CCOF, a California-based nonprofit that represents over 4,000 organic operations, is celebrating the funding of a new organic transition program in California. On June 30, 2022, Governor Newsom signed into law the 2022-2023 state budget, including $5 million allocated to support farmers and ranchers in transitioning to organic through grants, technical assistance, education, and outreach.
“This sort of funding shows a real commitment by the state to invest in organic agriculture,” said Maria Narez of Narez Organic Vegetables. “We know that going organic helps farmers and ranchers stay in business and protect the environment, and it is encouraging that our state leadership recognizes the value, as well.”
The program is yet to be fully defined and signed into law, but AB 2499, a bill authored by Assemblymember Brian Maienschein and sponsored by CCOF outlines the structure of such a program. The bill includes what practices should be eligible for grant funding and highlights mentorship of transitioning producers by seasoned organic growers as a key component of technical assistance.
AB 2499 passed the State Assembly on May 25 and is now headed to the Senate Appropriations Committee.

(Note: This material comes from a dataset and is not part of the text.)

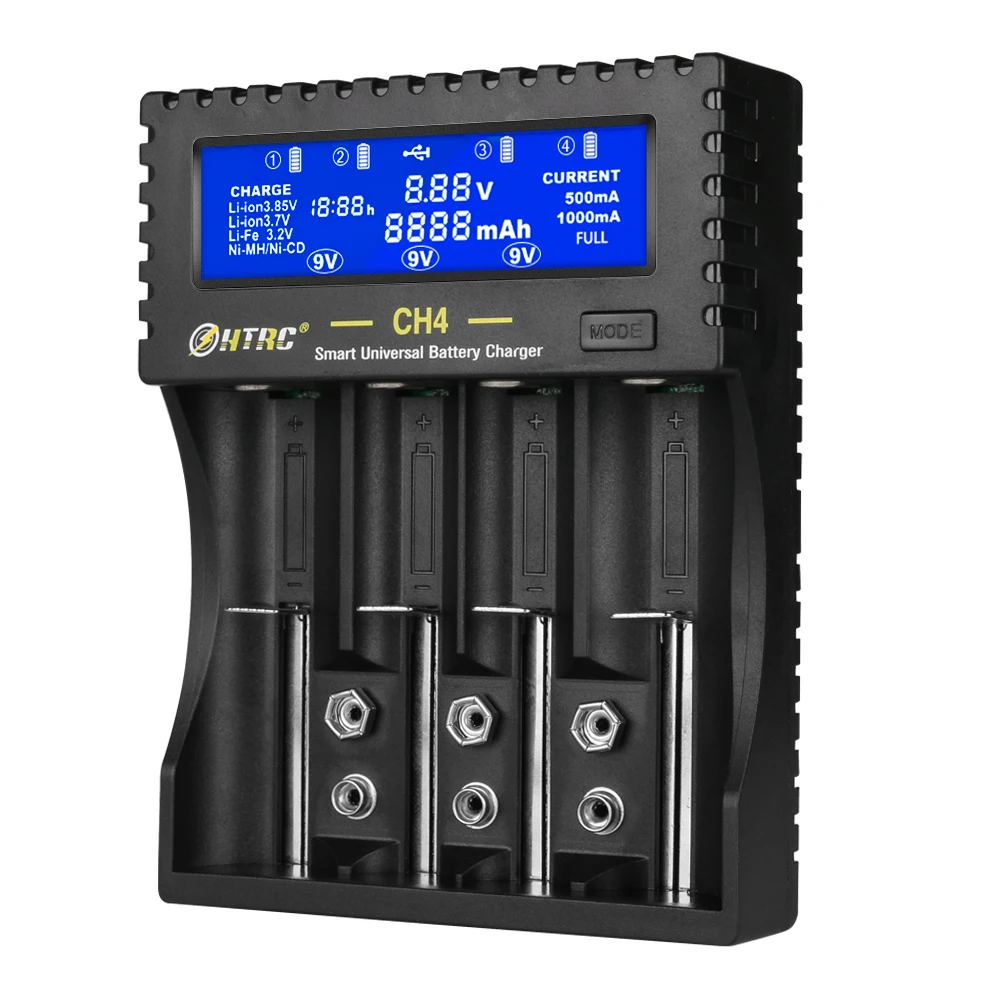 Зарядное устройство HTRC для батарей AA/AAA/18650 + ЖК-дисплей, Li-fe, Ni-MH, Ni-CD, 4 слота, умное зарядное устройство для батарей 26650 6F22, 16340, 9 в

“This bill is ultimately about providing farmers and ranchers with more tools and resources,” said Rebekah Weber, CCOF’s Policy Director. “It’s great to see broad, bipartisan support for investment in the agriculture sector.” Weber added that she was heartened to see resources directed to farmers and ranchers who need them most.
The organic transition program as envisioned in AB 2499 includes removing barriers to entry for farmers with limited resources who manage their businesses on thinner margins and cannot assume more risk, as well as for farmers of color who have faced historical and current discrimination that limits access to resources and information.
AB 2499 also requires a statewide market analysis of the organic sector to help current and future farmers better understand the market landscape.
“The $5 million signed into the 2022-2023 budget includes a set-aside for socially disadvantaged farmers and ranchers,” said TemuAsyr Martin Bey of the California Farmer Justice Collaborative. “This dovetails with what AB 2499 outlines and is an important factor in growing the organic sector equitably.”
CCOF consistently advocates for resources to support organic transition, and also recently worked closely with the California Organic Products Advisory Committee and the California Department of Food and Agriculture (CDFA) to secure $850,000 to support organic research and technical assistance at University of California Agriculture and Natural Resources’ Organic Agriculture Institute (OAI). CDFA has also allocated an additional $1 million to support OAI.
“All of this movement toward supporting organic transition in very tangible ways will help farmers and ranchers stay in business and steward the environment,” said Weber. “I’m excited to see how we can build on the momentum to continue to invest in California’s farmers, ranchers, and communities.”